▶ **REQUIREMENT**
In the records below, repeat exactly the lines between the line holding "Pair of black" and the line holding "A balcony with", inclusive, and drop the pictures.

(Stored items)
┄┄┄┄┄┄

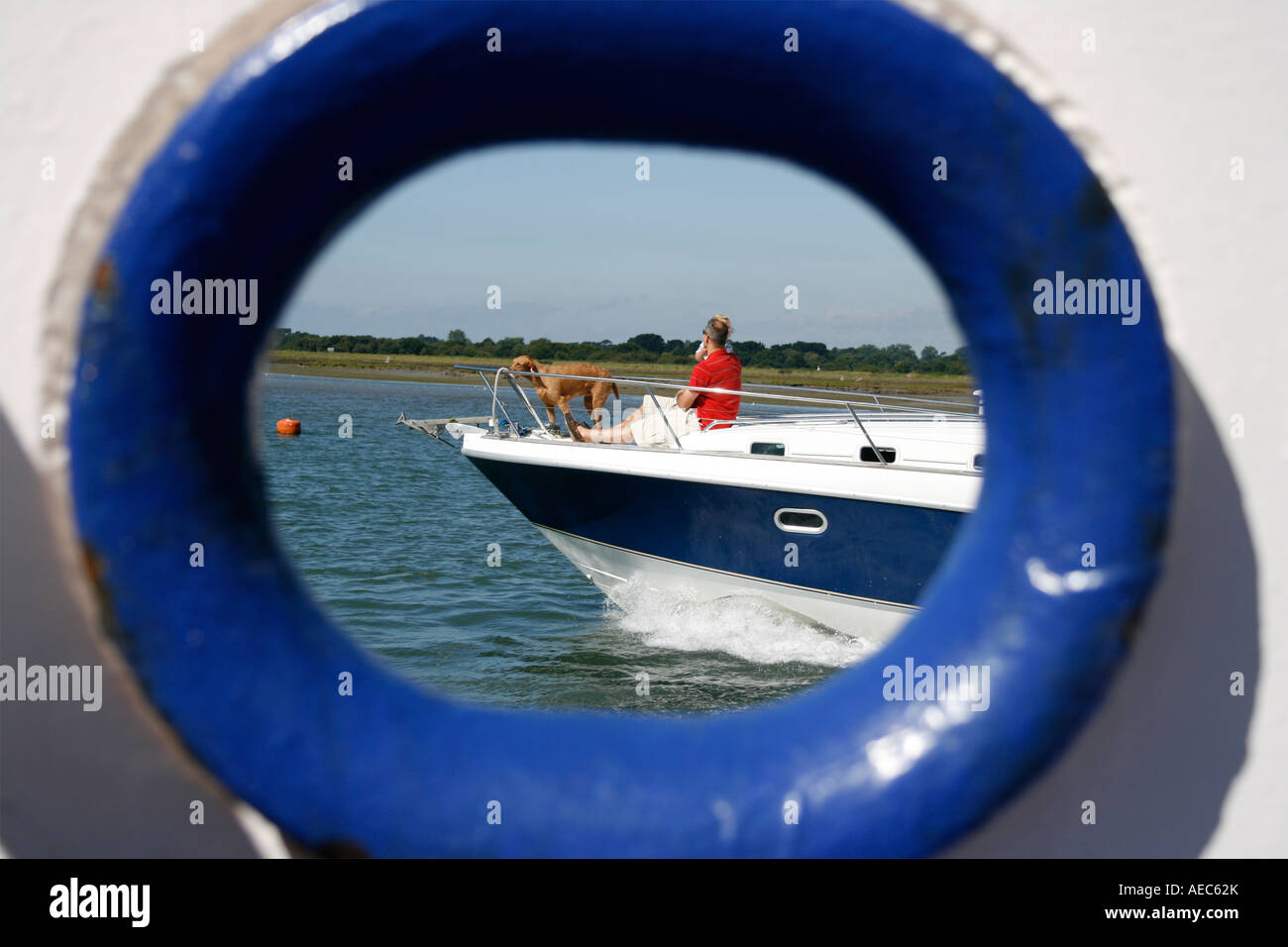 Dog, child and a man sailing, as viewed through a porthole Stock Photo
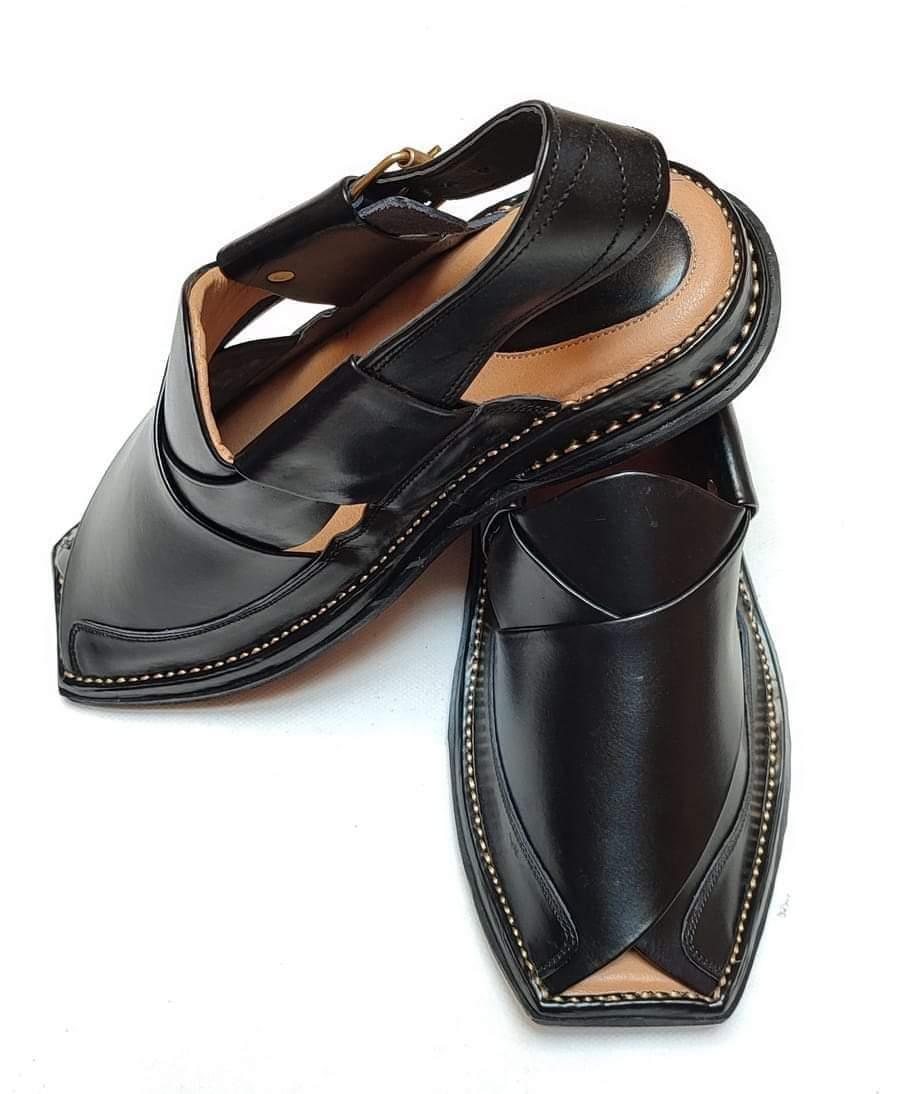 Pair of black leather traditional Peshawari chappal sandals with stitched soles on white background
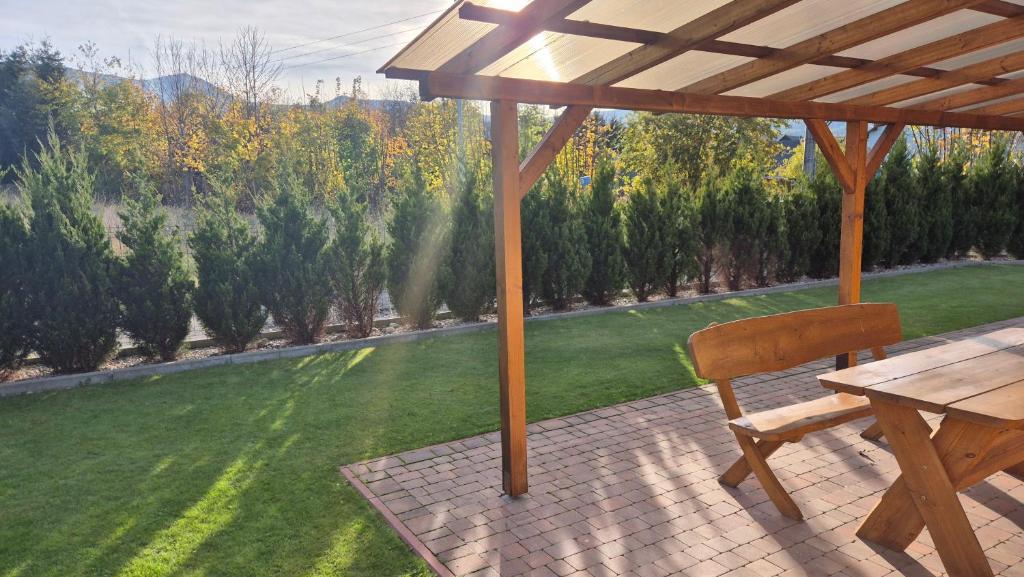 een houten tafel en een houten stoel onder een parasol bij Domek w Karkonoszach 2 in Ściegny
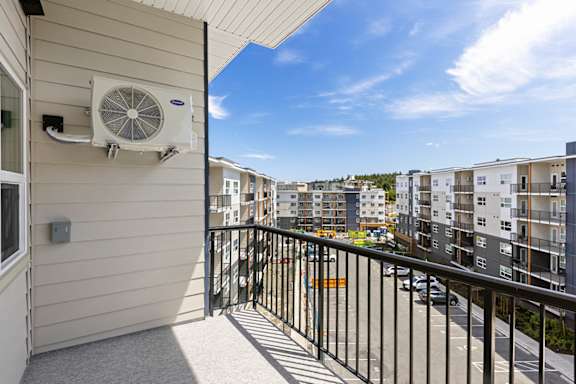 A balcony with a fan and a view of apartment buildings.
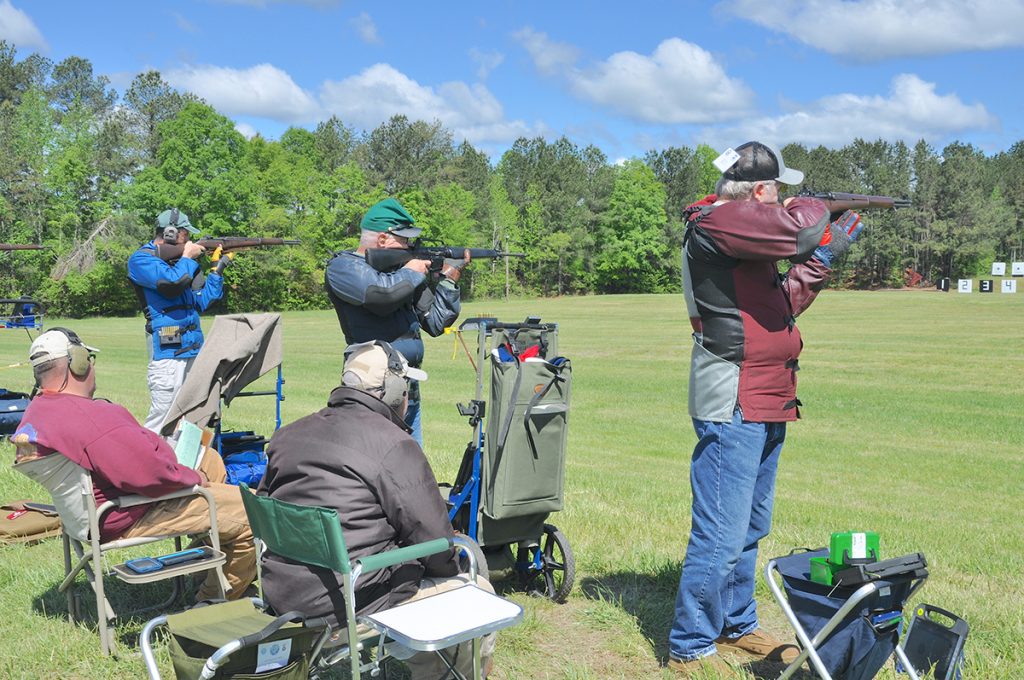 Vintage rifle competitors aiming downrange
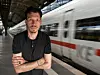 Mann am Bahnsteig vor vorbeifahrendem weißen Zug mit rotem Streifen.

┄┄┄┄┄┄

▶ **EXERCISE RESPONSE**
 Pair of black leather traditional Peshawari chappal sandals with stitched soles on white background
 een houten tafel en een houten stoel onder een parasol bij Domek w Karkonoszach 2 in Ściegny
 A balcony with a fan and a view of apartment buildings.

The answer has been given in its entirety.